Freude bereitet dem Manager dabei nicht nur die boomende US-Tochter, die seit Monaten mit enormen Kundenzuwächsen die Konkurrenz aussticht. Auch auf dem Heimatmarkt laufen die Geschäfte immer besser: Im vierten Quartal erlösten die Bonner seit vielen Jahren erstmals wieder einen Zuwachs beim Umsatz. Und Höttges blickt in die Zukunft: „Mit massiven Investitionen in unsere Netze treiben wir den Ausbau zum führenden europäischen Telekommunikationsanbieter voran.“
Die Präsentation der Jahreszahlen ist für den Manager ein Jahr nach seinem Amtsantritt als Vorstandschef eine leichte Übung: Lässig gekleidet in blauem Anzug, dunkelblauem Hemd und ohne Krawatte tritt er lächelnd vor die Kameras. „Ich trage mein Hemd in der Hose und sehe nicht so gut aus“, witzelt Höttges in Anspielung auf den griechischen Finanzminister Gianis Varoufakis. Sein leicht legerer Kleidungsstil sei vielleicht auch „ein Signal für die Transformation des Unternehmens“, meint er dann schon etwas ernster.

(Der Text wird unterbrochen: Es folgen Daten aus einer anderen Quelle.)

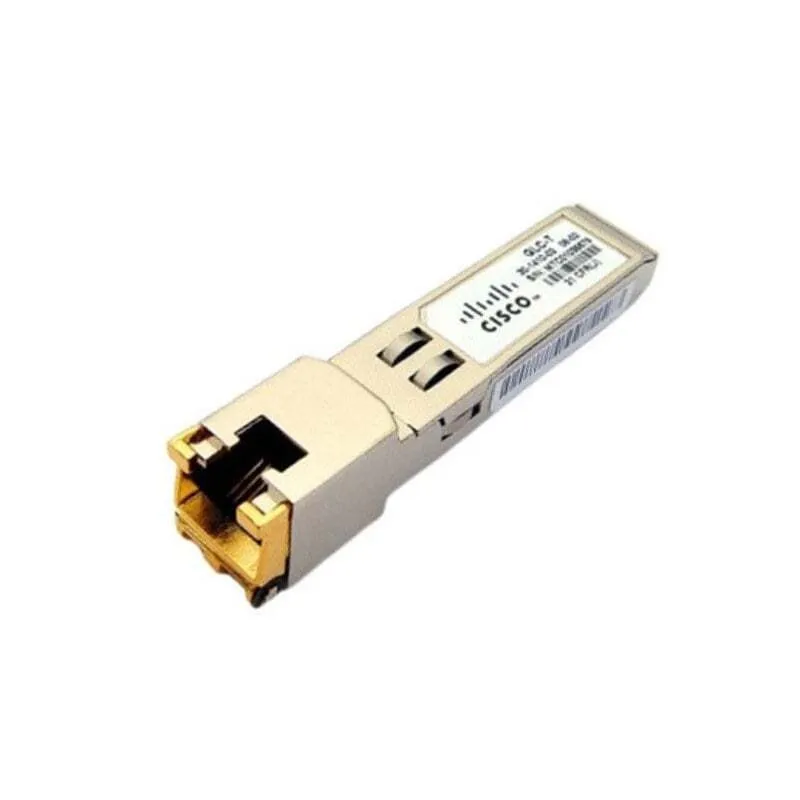 Коммутатор Cisco GLC-T 30-1410-04 SFP Optical Transceiver Switch Module
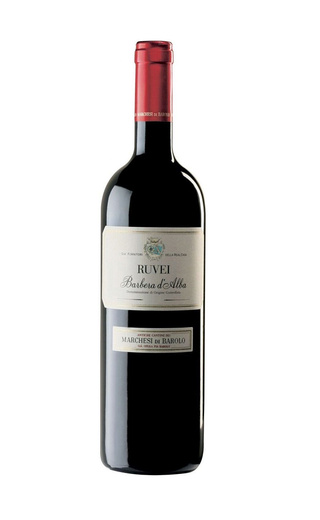 Вино Marchesi di Barolo Ruvei Barbera d'Alba 2019 0,75 л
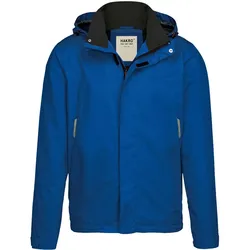 Regenjacke "CONNECTICUT" 862 - 3XL - royal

Und dann legt Höttges los und beschreibt den Kurs, den die Telekom eingeschlagen hat. In Netze investieren, Kunden von der Qualität überzeugen - und am Ende höhere Umsätze und Ergebnisse ernten. Dabei ist der Manager keinesfalls bescheiden: „Wir haben das schlau gemacht.“ Eindrucksvoll, wie sich der Umsatz verbessert habe. „Wir mussten uns die Augen reiben, eine solche Entwicklung haben wir lange nicht mehr gesehen“, sagt er über das abgelaufene Geschäftsjahr.
Und diesen Kurs will die Telekom in den kommenden Jahren beibehalten. Mehr als vier Prozent Umsatz auf 62,7 Milliarden Euro und eine Verdreifachung des Konzerngewinns auf 2,9 Milliarden Euro waren es im vergangenen Jahr. Höttges ist davon überzeugt: „Die Zeichen stehen auf Wachstum - das soll keine Eintagsfliege sein.“ Mit kombinierten Produkten aus den Bereichen Mobilfunk, Festnetz und TV will die Telekom zur ersten Wahl in Europa werden.
Erst vor wenigen Wochen hatten sich die Bonner gemeinsam mit der französischen Orange vom britischen Mobilfunkgeschäft getrennt. Der landesweit größte Anbieter EE wurde an die BT Group verkauft. An dem britischen Festnetzanbieter, der nun wieder mit einer starken Mobilfunkflanke auf dem Markt vertreten ist, sicherte sich die Telekom dabei einen Anteil von 12 Prozent. Integrierte Anbieter, glaubt Höttges, haben im Telekommunitionsmarkt ein überlegenes Geschäftsmodell.
Das gilt langfristig auch für das US-Geschäft. T-Mobile liefert sich dort gerade ein Kopf-an-Kopf-Rennen mit Sprint um die Position des landesweit drittgrößten Anbieters. Wie lange die Telekom an ihrem US-Geschäft festhält, ist unklar und vermutlich nur eine Frage der Zeit. Berichte über mögliche Interessenten erwiesen sich bislang als Spekulation. Angesichts der gutlaufenden Geschäfte steht Höttges nicht unter Handlungszwang, er hält sich alle Optionen offen.
Dennoch - nicht alles läuft so glatt, wie sich Höttges das wünscht. Das zeigen unter anderem Probleme, die unter anderem bei der Umstellung des Telekom-Netzes auf IP-Basis auftreten. In den vergangenen Monaten war es mehrfach zu Kundenbeschwerden gekommen, weil die Umstellung nicht reibungslos verlief und Kunden vom Netz abgehängt wurden. Bei einer Umstellung von 50 000 bis 60 000 Kunden pro Woche gehe es aber nur um eine geringe Zahl, beteuert Höttges.
Gute Nachrichten gibt es unterdessen seit Wochen für T-Aktionäre. Auch wenn am Donnerstag der Kurs der Aktie etwas nachgab, hat das Papier in den vergangenen Wochen insgesamt stark zugelegt. Dabei befand sich die Aktie praktisch seit 2008 in einem Tiefschlaf. Die Notierung liegt mit derzeit rund 16 Euro pro Aktie - und damit wieder deutlich über dem Preis, mit dem der einst als Volksaktie gepriesene Anteilsschein der Telekom 1996 an die Börse gekommen war.